The Ministry of Internal Affairs (MIA) in partnership with ZOA and the Swedish Embassy near Monrovia has introduced a new project entitled, “Support to Early Warning and Early Response, County Peace Committees and District Level Political Reconciliation Dialogues and Civic Engagement Project.”
The project is expected to be implemented by the Liberia Peace-building office and partners including ZOA, with support from the Sweden Embassy. ZOA is an international relief recovery organization working in the country to support vulnerable people affected by violence, conflicts and natural disasters.
It aims to enhance civic engagement and peaceful coexistence as well as reduce conflicts in the 15 counties.
The project, according to Edward K. Mulbah, Executive Director for Peace Building office at MIA, is being informed by a number of studies, reports and the national development plan, which focuses on pillar three of the government’s Pro-poor Agenda for Prosperity and Development (PAPD) — Sustaining the Peace.
In a powerpoint presentation, Mr. Mulbah informed the gathering that the project is part of the strategic road-map for national healing, peace-building and reconciliation and a survey report that forms the Opportunity Mapping for Peace Consolidation, and the Social Cohesion and Reconciliation Index (SCORE) Survey.
He said the project is expected to address issues of weaknesses in technical and institutional capacities that will respond to conflict-related matters at district and county levels surrounding boundary, property and land disputes; political and inter-group tensions, political tribalism, culture of violence and insecurity.
“This is intended to address violent tendencies, lower the lack of civic trust, fractured social cohesion along multiple lines, incidents of sexual and gender-based violence (SGBV), inter-group disputes, grievances around access to basic services, as well as concerns about transparency and accountability.”
According to him, the project phase two runs from January 2019 to January 2020, and February 2020-October, 2021, focusing on strengthening infrastructure and capacity-building to support and operate existing peace-building structures, such as the conflict Early Warning and Early Response mechanism (EWER), County Peace Committees, County Security Council, and the web-based platform Liberia Early Warning and Response Network.
“The first phase of the project is valued at US$500,000. It addresses some basic findings to enhance political reconciliation, inter-group reconciliation, civic engagement and to build trust,” he said.

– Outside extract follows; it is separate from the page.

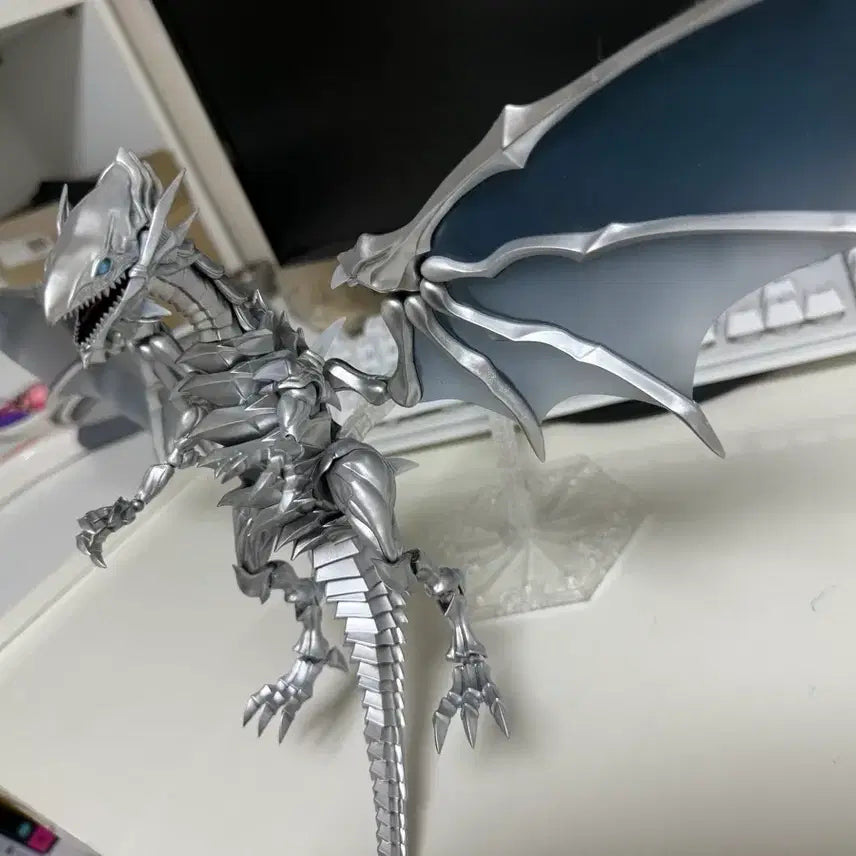 [BUNJANG] Yu-Gi-Oh! Blue-Eyes White Dragon Custom Painted Model / 유희왕 푸른눈의백룡 프리모델 도색작 팔아요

The project also took into consideration rebuilding civic trust, and promoting social cohesion; targeting specific geographical locations, and to engage community inhabitants to reduce ethnic and religious tensions.
The Minister of Internal Affairs, Varney A. Sirleaf, expressed gratitude to the Government and people of Sweden through its Ambassador Ingrid Watterquist for providing the needed financial support to implement this flagship project of the Liberian government.
“We would also like to thank our UN family and other potential donors, including IRISHAID for their support towards conflict prevention and transformation in meeting some objectives of pillar three of the PAPD,” Minister Sirleaf said.
The project, he said, will help to further strengthen Government’s capacity and ability to respond to these issues which will inherently help in a tremendous way to contribute to ending fragility during the period of the implementation of the PAPD and promote the culture of non-violence in our society.
He noted that the early identification of potential triggers of conflicts, and their positive transformation are vital for preventive responses, and would stop escalation of violence, thereby maintaining peace and security.
He described the early project as a sound policy, and a right socio-political move for maintaining peace and security in the country.